Packet Marking for Traceback of Illegal Content Distribution

Roy S. Rapoport rsr at inorganic.org
Thu Apr 15 21:26:11 PDT 2004


On Thu, Apr 15, 2004 at 08:21:43PM -0700, richard childers / kg6hac wrote:
> To overcome such spoofed source addresses, the Penn State researchers 
> propose a strategy in which every message or data packet is marked with 
> an identifying number by a border router. Border routers are peripheral 
> stations that a packet passes through on its way onto the Internet.
> 
> Since every packet is forwarded onto the Internet and marked by only one 
> trustworthy border router, spoofers would not be able to insert false 
> marks on their packets to undermine trace back.
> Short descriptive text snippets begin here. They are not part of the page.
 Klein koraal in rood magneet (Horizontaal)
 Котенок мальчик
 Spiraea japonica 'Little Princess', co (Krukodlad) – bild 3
The packets would always 
> be traceable to a specific border router and could be stopped or 
> investigated at that point."

Is it just me, or does this translate to "as long as every entry point to
the internet does the Correct Thing and uses our suggested system to mark
their outbound packets, we'll make sure that nobody forges TCP/IP," which
sort of neglects the fact that, today, every entity's border gateway is
ethically supposed to do this anyway -- certainly, my _home_ router is set
to start screaming if it sees packets outbound from a network other than my
own.  

In other words, if everyone followed their complex solution, the problem
would be solved; but if everyone was willing to do something like this,
they'd be even more willing to use current capabilities to do something
much simpler that would *also* solve the problem.  That people aren't doing
that suggests that they wouldn't be able to do something even more
complicated.

> The complete URL - for those whom do not shield their eyes when they see 
> HTML - is below:
> 
>    http://www.psu.edu/ur/2004/traceback.html

That's HTML in the same way that 
this
is HTML.  Technically true, but meaningless.